We need to calculate the sum of an from n = 1 to 50, where an is the largest integer less than or equal to √n. This is equivalent to finding an = ⌊√n⌋ for each value of n from 1 to 50.
| n | √n | ⌊√n⌋ |
|---|---|---|
| 1 | 1.000 | 1Nbsp; |
| 2 | 1.414 | 1 |
| 3 | 1.732 | 1 |
| 4 | 2.000 | 2 |
| 5 | 2.236 | 2 |
| 6 | 2.449 | 2 |
| 7 | 2.646 | 2 |
| 8 | 2.828 | 2 |
| 9 | 3.000 | 3 |
| 10 | 3.162 | 3 |
| 11 | 3.317 | 3 |
| 12 | 3.464 | 3 |
| 13 | 3.606 | 3 |
| 14 | 3.742 | 3 |
| 15 | 3.873 | 3 |
| 16 | 4.000 | 4 |
| 17 | 4.123 | 4 |
| 18 | 4.243 | 4 |
| 19 | 4.359 | 4 |
| 20 | 4.472 | 4 |
| 21 | 4.583 | 4 |
| 22 | 4.690 | 4 |
| 23 | 4.796 | 4 |
| 24 | 4.899 | 4 |
| 25 | 5.000 | 5 |
| 26 | 5.099 | 5 |
| 27 | 5.196 | 5 |
| 28 | 5.291 | 5 |
| 29 | 5.385 | 5 |
| 30 | 5.477 | 5 |
| 31 | 5.568 | 5 |
| 32 | 5.657 | 5 |
| 33 | 5.745 | 5 |
| 34 | 5.831 | 5 |
| 35 | 5.916 | 5 |
| 36 | 6.000 | 6 |
| 37 | 6.083 | 6 |
| 38 | 6.164 | 6 |
| 39 | 6.245 | 6 |
| 40 | 6.325 | 6 |
| 41 | 6.403 | 6 |
| 42 | 6.481 | 6 |
| 43 | 6.557 | 6 |
| 44 | 6.633 | 6 |
| 45 | 6.708 | 6 |
| 46 | 6.782 | 6 |
| 47 | 6.856 | 6 |
| 48 | 6.928 | 6 |
| 49 | 7.000 | 7 |
| 50 | 7.071 | 7 |
Now, let's sum the values of an from a1 to a50 by grouping them:
The value 1 appears for n = 1, 2, 3 (3 times), contributing 3 × 1 = 3 to the sum.

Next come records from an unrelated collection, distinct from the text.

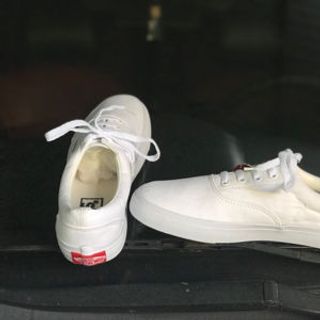 giày sneaker giá rẻ chất đẹp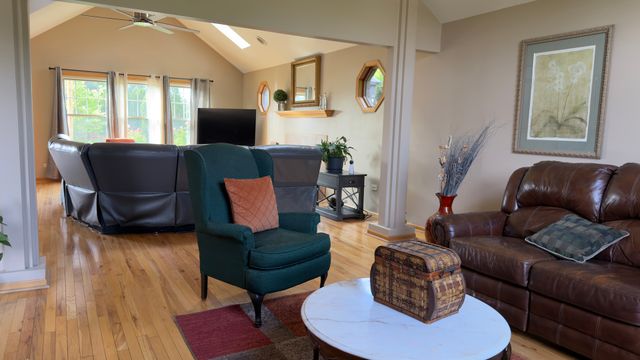 21203 Old North Church Road, Frankfort, IL 60423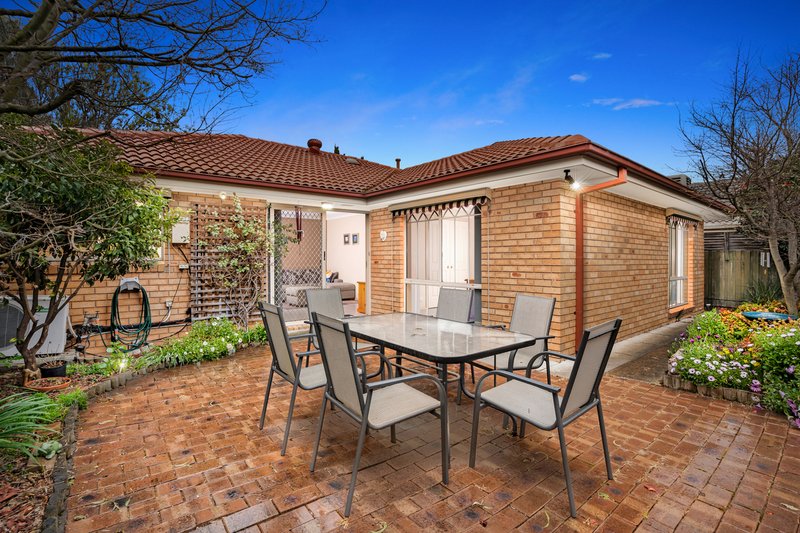 Photo - 1/7 Kookaburra Walk, South Morang VIC 3752 - Image 13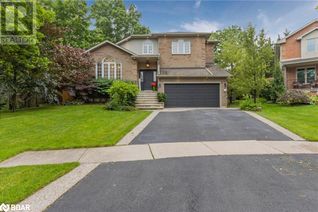 Detached House for Sale, 25 Silver Court, Hamilton, ON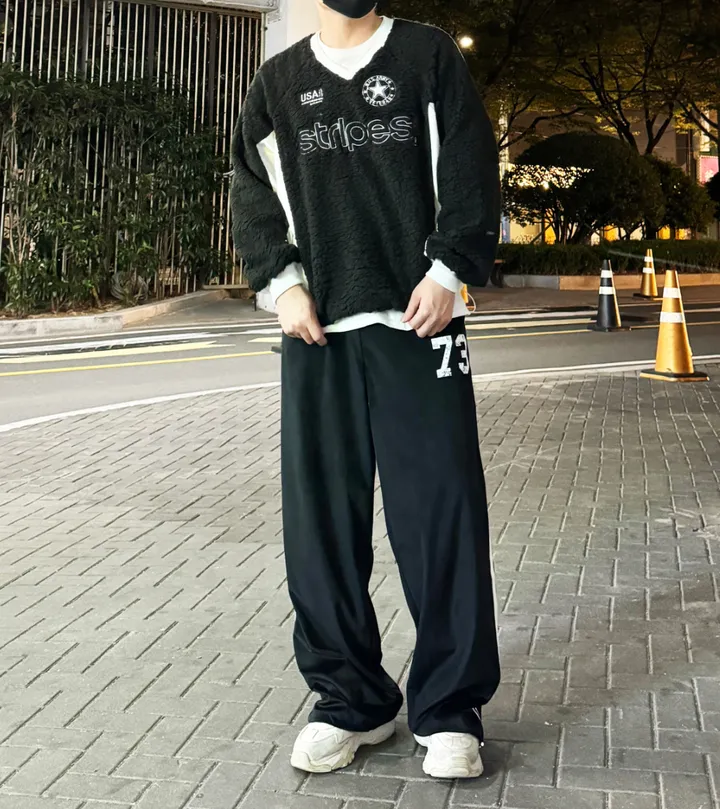 [1+1할인]덤블 양털 밍크 후리스 자수 패치 블록코어 스트링 오버핏 브이넥 아노락 맨투맨 상세 이미지 92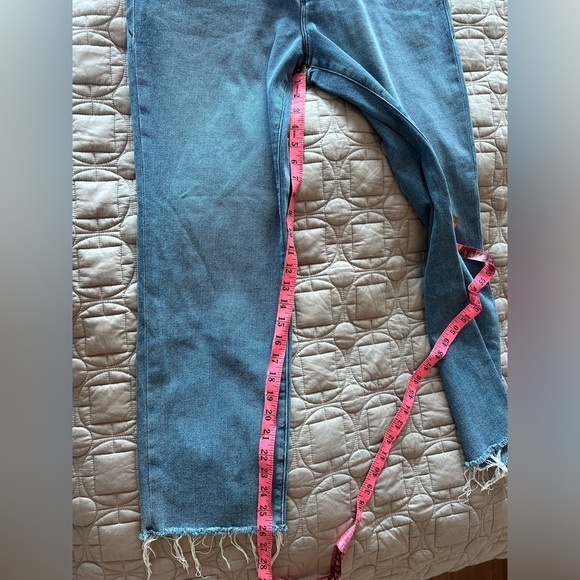 Good American Good Straight Split Back Pockets Jeans - Picture 14 of 16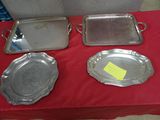 plusieurs plateaux en argent posés sur une nappe rouge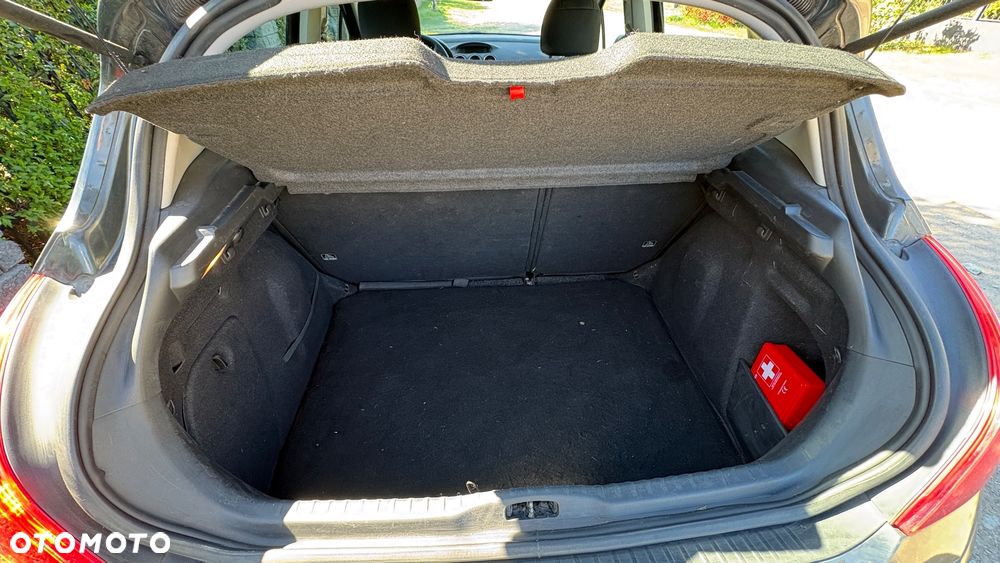 Peugeot 308 2007 photo 2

The value 2 appears for n = 4 through 8 (5 times), contributing 5 × 2 = 10 to the sum.
The value 3 appears for n = 9 through 15 (7 times), contributing 7 × 3 = 21 to the sum.
The value 4 appears for n = 16 through 24 (9 times), contributing 9 × 4 = 36 to the sum.
The value 5 appears for n = 25 through 35 (11 times), contributing 11 × 5 = 55 to the sum.
The value 6 appears for n = 36 through 48 (13 times), contributing 13 × 6 = 78 to the sum.
The value 7 appears for n = 49 and 50 (2 times), contributing 2 × 7 = 14 to the sum.
The total sum is the sum of these contributions: 3 + 10 + 21 + 36 + 55 + 78 + 14 = 217.
Thus, the value of a1 + a2 + ... + a50 is 217.